[Task to carry out]: The data below holds a line containing "TOYOTA TACOMA image 5" and a line containing "Elias Pettersson of"; please quote exactly those two lines and every line between them, and nothing else.
*** Opening Given information ***
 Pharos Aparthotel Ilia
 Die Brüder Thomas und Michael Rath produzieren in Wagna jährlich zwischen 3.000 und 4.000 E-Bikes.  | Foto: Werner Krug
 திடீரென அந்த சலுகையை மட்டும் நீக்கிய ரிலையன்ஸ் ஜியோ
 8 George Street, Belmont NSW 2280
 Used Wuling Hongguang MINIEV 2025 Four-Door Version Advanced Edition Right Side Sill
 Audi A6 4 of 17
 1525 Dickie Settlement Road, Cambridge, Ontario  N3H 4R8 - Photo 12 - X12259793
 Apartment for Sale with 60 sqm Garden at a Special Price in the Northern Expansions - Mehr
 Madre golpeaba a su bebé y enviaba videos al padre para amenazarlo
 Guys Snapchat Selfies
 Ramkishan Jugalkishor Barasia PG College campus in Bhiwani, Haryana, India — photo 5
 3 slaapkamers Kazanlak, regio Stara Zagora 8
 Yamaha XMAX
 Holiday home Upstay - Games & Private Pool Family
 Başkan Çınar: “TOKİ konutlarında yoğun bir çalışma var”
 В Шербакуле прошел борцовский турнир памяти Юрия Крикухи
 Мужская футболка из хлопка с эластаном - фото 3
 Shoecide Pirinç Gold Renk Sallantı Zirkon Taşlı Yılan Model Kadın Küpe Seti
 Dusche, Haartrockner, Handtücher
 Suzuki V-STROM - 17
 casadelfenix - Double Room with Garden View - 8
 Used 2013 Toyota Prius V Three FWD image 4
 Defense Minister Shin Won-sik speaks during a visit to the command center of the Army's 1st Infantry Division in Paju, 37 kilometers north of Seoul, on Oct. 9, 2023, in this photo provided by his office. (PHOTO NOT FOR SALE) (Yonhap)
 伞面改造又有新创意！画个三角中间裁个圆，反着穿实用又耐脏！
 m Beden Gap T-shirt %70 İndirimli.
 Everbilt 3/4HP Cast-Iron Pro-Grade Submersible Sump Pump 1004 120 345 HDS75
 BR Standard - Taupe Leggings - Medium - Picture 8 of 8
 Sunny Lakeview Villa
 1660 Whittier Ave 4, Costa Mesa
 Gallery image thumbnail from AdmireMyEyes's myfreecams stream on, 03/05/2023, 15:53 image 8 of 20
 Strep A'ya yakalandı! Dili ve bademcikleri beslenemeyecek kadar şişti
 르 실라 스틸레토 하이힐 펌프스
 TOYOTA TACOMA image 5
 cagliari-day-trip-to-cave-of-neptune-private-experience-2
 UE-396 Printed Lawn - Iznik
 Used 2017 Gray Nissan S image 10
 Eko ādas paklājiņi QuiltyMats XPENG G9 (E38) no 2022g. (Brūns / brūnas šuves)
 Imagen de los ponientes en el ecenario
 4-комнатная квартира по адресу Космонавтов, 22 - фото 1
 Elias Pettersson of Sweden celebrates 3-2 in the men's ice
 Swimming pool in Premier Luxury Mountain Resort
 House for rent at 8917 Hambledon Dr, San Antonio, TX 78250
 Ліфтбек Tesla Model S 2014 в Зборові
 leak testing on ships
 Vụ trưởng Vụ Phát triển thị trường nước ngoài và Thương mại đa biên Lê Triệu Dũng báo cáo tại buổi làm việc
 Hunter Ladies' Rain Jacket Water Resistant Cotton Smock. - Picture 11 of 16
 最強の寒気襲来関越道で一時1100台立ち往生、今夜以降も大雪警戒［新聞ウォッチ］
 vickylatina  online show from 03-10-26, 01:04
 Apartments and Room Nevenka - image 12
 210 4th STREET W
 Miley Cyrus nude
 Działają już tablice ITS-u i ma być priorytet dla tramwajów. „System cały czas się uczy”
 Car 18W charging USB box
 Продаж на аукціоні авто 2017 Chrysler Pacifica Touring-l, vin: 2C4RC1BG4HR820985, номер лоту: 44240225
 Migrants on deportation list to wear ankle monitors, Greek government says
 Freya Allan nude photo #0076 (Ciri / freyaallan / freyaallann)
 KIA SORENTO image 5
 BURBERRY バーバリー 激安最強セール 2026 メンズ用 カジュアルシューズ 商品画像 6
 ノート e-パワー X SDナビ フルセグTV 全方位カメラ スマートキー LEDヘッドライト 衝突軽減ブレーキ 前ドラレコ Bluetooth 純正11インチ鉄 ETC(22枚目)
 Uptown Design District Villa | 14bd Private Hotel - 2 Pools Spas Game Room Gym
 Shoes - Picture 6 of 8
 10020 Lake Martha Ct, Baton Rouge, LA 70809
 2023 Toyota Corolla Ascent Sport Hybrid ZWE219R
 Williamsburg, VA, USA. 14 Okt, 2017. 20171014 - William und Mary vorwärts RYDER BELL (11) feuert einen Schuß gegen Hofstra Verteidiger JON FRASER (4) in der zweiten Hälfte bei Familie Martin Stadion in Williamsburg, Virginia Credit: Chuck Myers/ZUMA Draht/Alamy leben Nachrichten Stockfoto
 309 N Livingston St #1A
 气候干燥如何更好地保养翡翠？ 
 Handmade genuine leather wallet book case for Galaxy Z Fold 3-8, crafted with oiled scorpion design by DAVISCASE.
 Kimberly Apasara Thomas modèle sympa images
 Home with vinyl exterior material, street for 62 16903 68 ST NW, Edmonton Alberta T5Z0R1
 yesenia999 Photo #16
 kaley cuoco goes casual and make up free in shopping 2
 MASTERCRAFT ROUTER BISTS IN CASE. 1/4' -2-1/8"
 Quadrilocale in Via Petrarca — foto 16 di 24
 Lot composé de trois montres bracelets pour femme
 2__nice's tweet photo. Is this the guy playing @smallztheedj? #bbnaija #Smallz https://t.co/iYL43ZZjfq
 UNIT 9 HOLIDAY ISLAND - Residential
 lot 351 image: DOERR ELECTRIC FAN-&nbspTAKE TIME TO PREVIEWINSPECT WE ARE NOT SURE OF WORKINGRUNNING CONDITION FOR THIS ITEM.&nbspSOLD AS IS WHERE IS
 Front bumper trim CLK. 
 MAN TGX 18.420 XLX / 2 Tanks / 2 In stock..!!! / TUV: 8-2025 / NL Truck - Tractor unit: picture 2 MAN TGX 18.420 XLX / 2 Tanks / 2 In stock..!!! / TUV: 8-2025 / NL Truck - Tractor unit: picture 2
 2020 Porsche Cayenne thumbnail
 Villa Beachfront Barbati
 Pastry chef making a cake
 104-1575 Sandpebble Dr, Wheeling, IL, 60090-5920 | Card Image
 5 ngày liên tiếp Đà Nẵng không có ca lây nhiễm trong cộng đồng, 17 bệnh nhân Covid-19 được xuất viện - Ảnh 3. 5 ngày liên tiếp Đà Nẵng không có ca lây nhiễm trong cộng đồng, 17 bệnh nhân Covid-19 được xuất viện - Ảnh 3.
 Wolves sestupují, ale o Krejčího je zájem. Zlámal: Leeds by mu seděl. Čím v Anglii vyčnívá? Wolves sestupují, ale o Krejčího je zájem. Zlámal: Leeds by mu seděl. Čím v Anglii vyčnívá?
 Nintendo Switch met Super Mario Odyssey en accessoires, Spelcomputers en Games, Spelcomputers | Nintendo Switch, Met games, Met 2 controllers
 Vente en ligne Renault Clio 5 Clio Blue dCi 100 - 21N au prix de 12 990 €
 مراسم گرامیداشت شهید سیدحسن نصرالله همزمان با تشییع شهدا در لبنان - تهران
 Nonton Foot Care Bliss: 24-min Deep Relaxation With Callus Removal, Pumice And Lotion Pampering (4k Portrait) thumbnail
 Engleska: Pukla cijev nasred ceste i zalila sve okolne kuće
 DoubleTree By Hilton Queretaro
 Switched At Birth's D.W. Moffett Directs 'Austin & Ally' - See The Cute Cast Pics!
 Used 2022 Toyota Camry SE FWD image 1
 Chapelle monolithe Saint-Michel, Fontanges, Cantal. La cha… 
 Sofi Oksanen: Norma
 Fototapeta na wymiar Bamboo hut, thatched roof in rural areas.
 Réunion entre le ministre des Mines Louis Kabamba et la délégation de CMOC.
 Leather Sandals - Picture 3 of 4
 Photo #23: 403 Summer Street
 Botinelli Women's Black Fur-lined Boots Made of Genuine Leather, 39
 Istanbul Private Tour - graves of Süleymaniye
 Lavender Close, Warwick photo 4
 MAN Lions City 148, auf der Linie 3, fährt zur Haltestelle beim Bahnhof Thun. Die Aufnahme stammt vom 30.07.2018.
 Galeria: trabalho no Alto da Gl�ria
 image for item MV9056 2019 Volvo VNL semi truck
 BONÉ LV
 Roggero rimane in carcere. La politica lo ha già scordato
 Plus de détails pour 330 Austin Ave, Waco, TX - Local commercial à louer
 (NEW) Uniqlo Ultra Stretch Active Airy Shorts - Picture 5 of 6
*** Closing Given information ***
[Your solution]:
 TOYOTA TACOMA image 5
 cagliari-day-trip-to-cave-of-neptune-private-experience-2
 UE-396 Printed Lawn - Iznik
 Used 2017 Gray Nissan S image 10
 Eko ādas paklājiņi QuiltyMats XPENG G9 (E38) no 2022g. (Brūns / brūnas šuves)
 Imagen de los ponientes en el ecenario
 4-комнатная квартира по адресу Космонавтов, 22 - фото 1
 Elias Pettersson of Sweden celebrates 3-2 in the men's ice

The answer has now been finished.